— Instructions for the task —
Please write out exactly the lines of the data below from the line holding "Sentido OBLU at Helengeli —" through the line holding "Lucky Brand Mini Shorts", and leave out the rest.
** Opening Records for this task block **
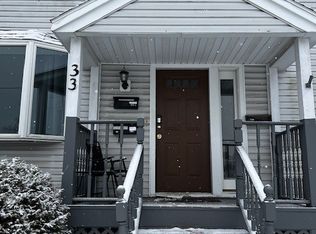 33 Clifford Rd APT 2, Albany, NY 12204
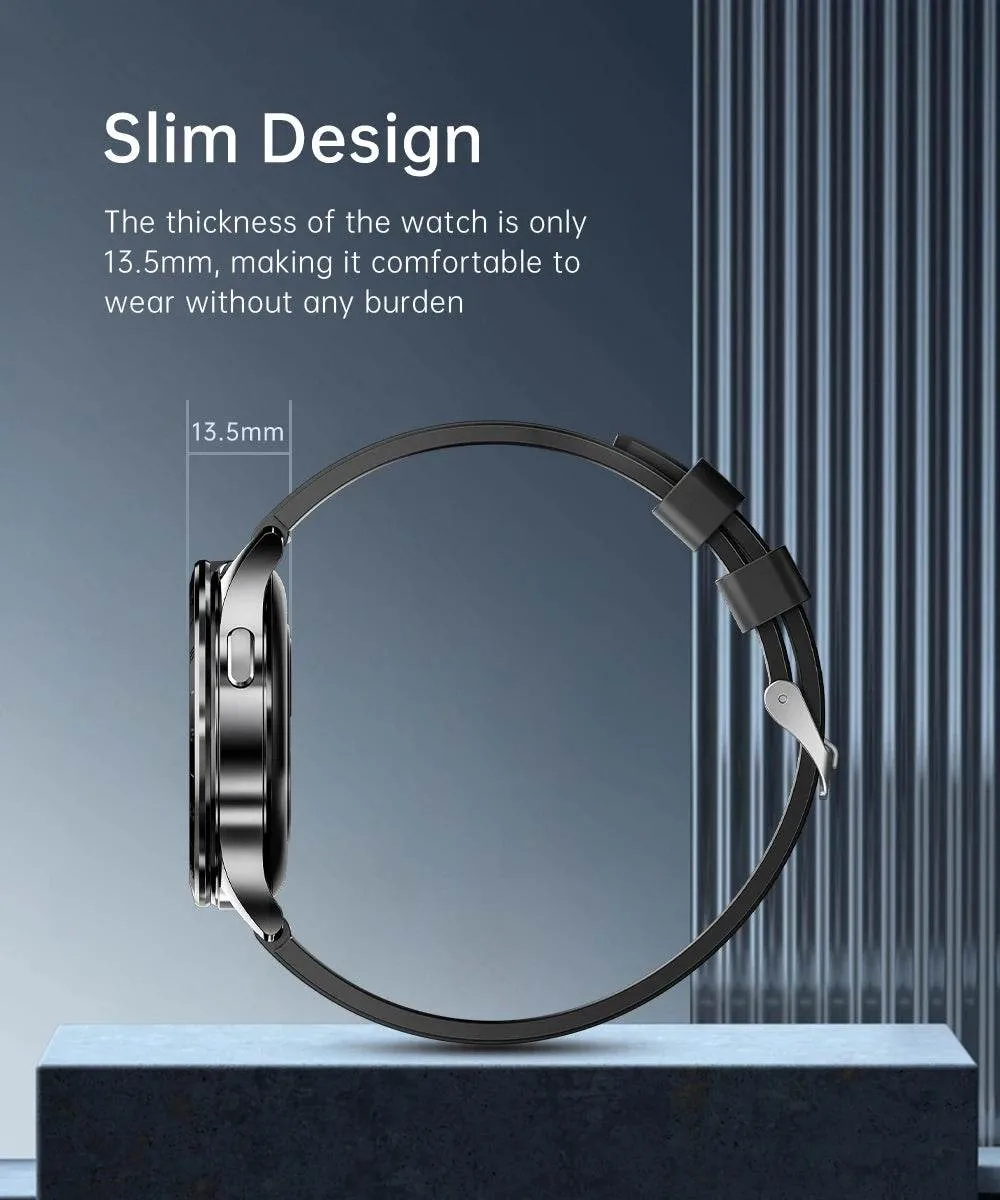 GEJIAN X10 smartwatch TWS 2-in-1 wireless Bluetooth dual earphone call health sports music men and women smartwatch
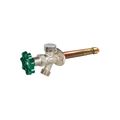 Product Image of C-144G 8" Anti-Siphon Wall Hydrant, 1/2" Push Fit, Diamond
** Closing Records for this task block **
** Opening Records for this task block **
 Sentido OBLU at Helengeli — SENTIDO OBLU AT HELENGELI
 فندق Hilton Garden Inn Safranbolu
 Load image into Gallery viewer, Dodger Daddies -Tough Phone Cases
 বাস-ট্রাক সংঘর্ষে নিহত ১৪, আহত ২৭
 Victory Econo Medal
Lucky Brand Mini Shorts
** Closing Records for this task block **
** Opening Records for this task block **
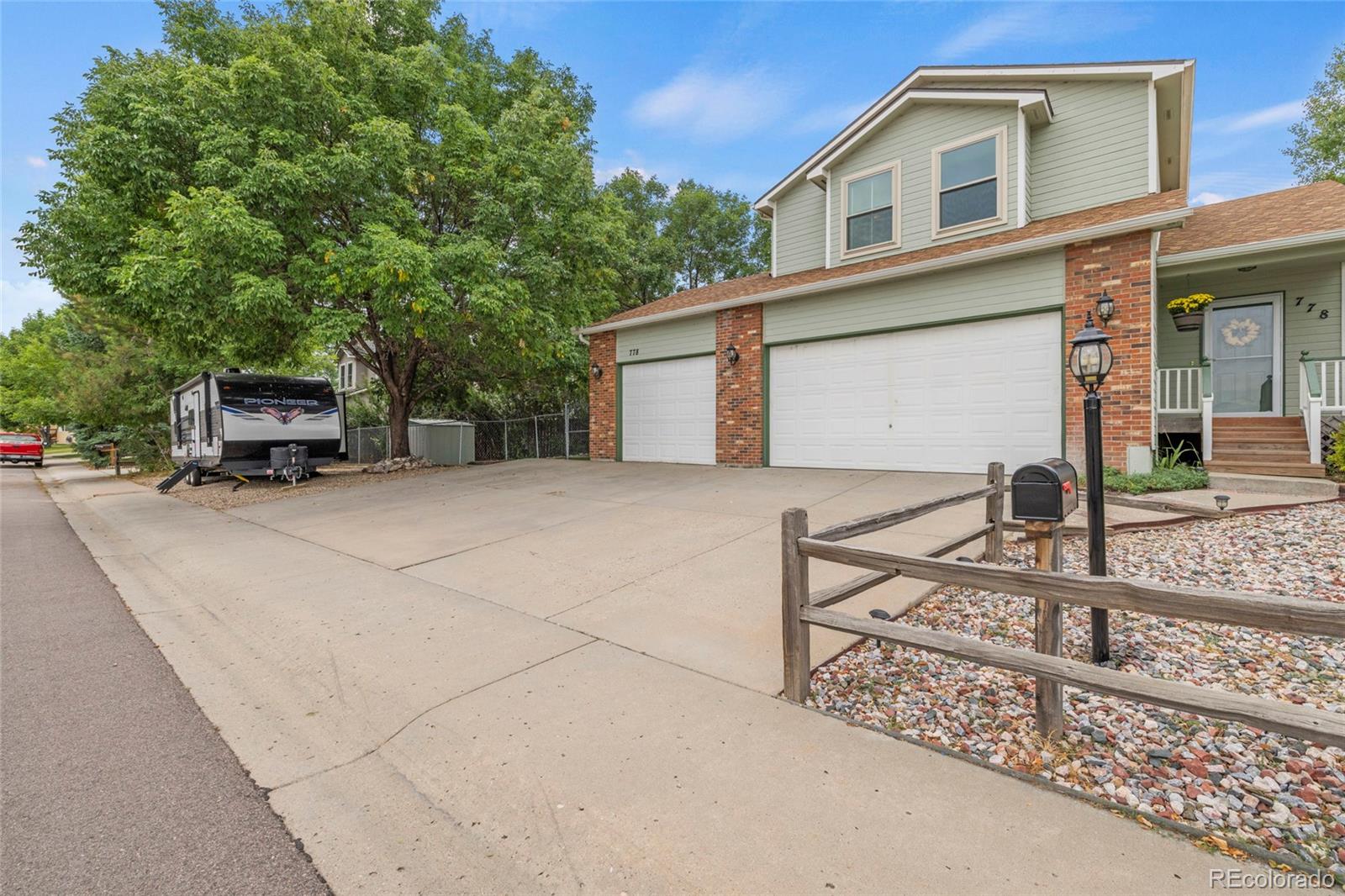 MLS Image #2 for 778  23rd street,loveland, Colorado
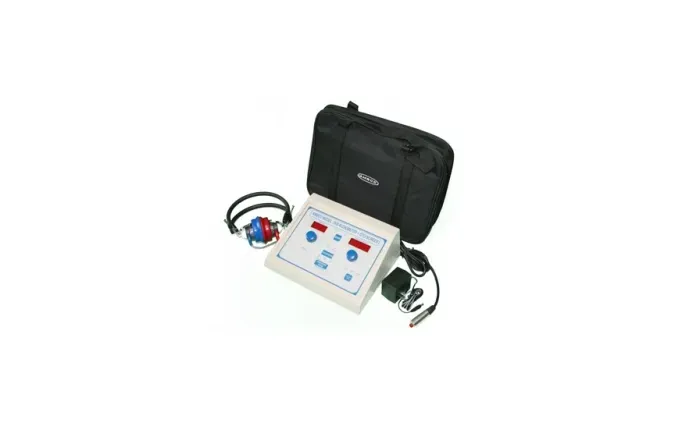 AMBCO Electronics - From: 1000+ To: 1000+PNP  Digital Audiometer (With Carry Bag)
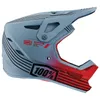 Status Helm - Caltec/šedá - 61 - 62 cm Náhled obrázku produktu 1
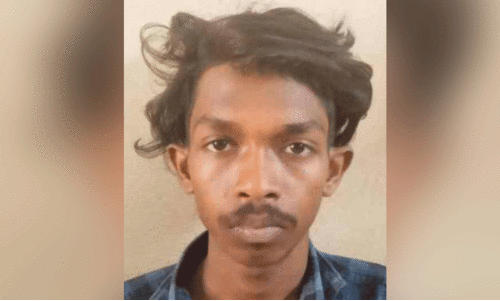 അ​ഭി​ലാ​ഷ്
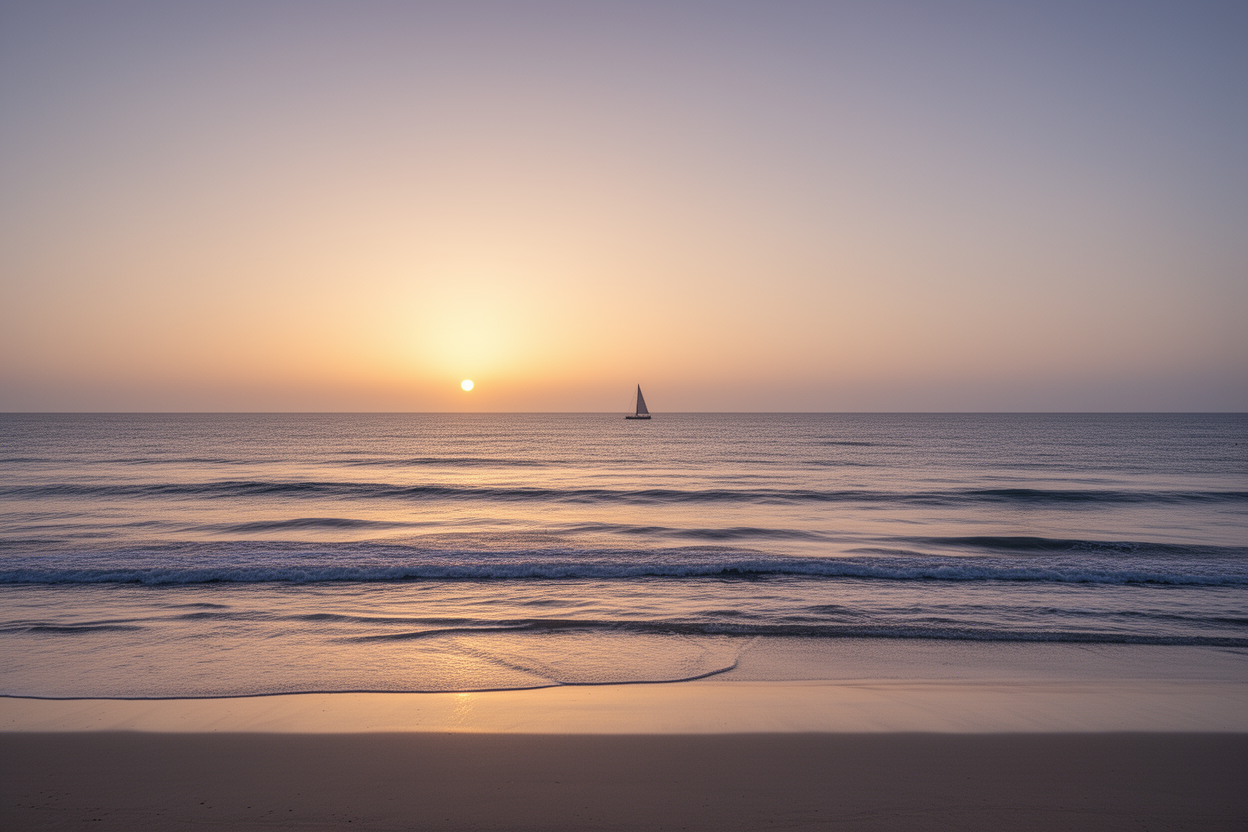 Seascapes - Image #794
** Closing Records for this task block **
— Result —
 Sentido OBLU at Helengeli — SENTIDO OBLU AT HELENGELI
 فندق Hilton Garden Inn Safranbolu
 Load image into Gallery viewer, Dodger Daddies -Tough Phone Cases
 বাস-ট্রাক সংঘর্ষে নিহত ১৪, আহত ২৭
 Victory Econo Medal
Lucky Brand Mini Shorts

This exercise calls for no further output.